Woman's Rights under the Law: In Three Lectures, delivered in Boston, January, 1861. By CAROLINE H. Dall. Boston: Walker, Wise & Co., 1861.

DURING the last ten or fifteen years nearly all the states of the Union have been practicing a series of legislative experiments upon the legal relations of husband and wife. So far as they have gone, they have been indebted, for the most part, to the escort of the reformers of the school of Woman's Rights, prominent among whom, we believe, is the lady whose interesting book we have taken as the text of this Article. Some of the states have moved very slowly and cautiously, nibbling a long time at the bait, and then only tasting, and that very daintily. Their advancement, in view of the evils to be corrected and the great good to be accomplished, seemed to be at a snail's pace. But still those who progress at this rate are not apt to fall into the frequent error of suffering the work of demolition to get too far the start of the severer and more difficult labor of reconstruction. Other states have gone to the opposite extreme. They seem (at least so far as regards matters of property, to which we propose to confine ourselves) to have thrown themselves, without reserve, into the arms of the reformers. Fundamental principles, time-honored and venerable, in many cases however far behind the spirit of the age, have been suddenly broken down, and in their place the law makers have substituted certain crude, untried, and ill-digested theories, leaving to those upon whom devolves the duty of expounding and administering the law, the burdensome and oftentimes impossible task of putting together, into some sort of shape, the raw materials of the new system and the scattered fragments of the old. Foremost among the states of this latter class is New York. In the year 1848 it set out in the promotion of the cause of Woman's Rights, and the successive innovations made

then, and since then, by its legislature upon this branch of the common law, are the boldest, the most radical, and sweeping, upon record. To these innovations we propose more particularly to call the attention of our readers, noting at the same time some of the most important modifications that have been made in the old system, in Connecticut, Pennsylvania, and other states. The New York statute of 1848 was entitled, " An act for the more effectual protection of the property of married women." It is not long, and as we shall often have occasion to refer to it, we venture to present it in full. As amended in 1849 it reads as follows:

§ 1. The real and personal property of any female who may hereafter marry, and which she shall own at the time of marriage, and the rents, issues, and profits thereof, shall not be subject to the disposal of her husband, nor be liable for his debts, and shall continne her sole and separate property, as if she were a single female.
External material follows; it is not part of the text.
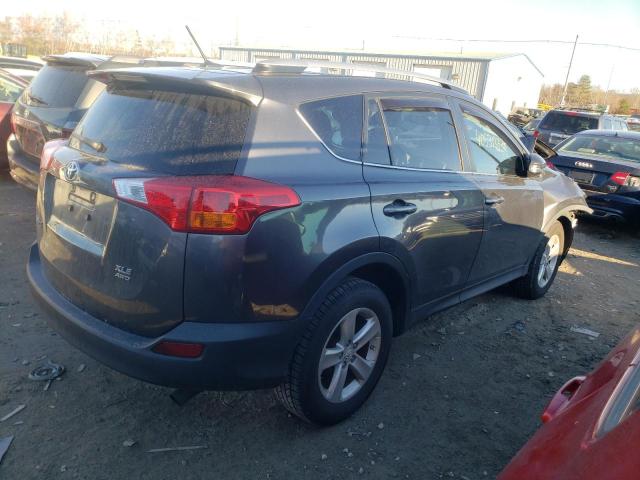 Photo 2 VIN: 2T3RFREV3EW158673 - TOYOTA RAV4 XLE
§ 2. The real and personal property, and the rents, issues, and profits thereof, of any female now married, shall not be subject to the disposal of her husband; but shall be her sole and separate property, as if she were a single female, except so far as the same may be liable for the debts of her husband heretofore contracted.

§3. Any married female may take by inheritance, or by gift, grant, devise, or bequest, from any person other than her husband, and hold to her sole and separate use, and convey and devise real and personal property, and any interest or estate therein, and the rents, issues, and profits thereof, in the same manner and with like effect as if she were unmarried, and the same shall not be subject to the disposal of her husband nor be liable for his debts.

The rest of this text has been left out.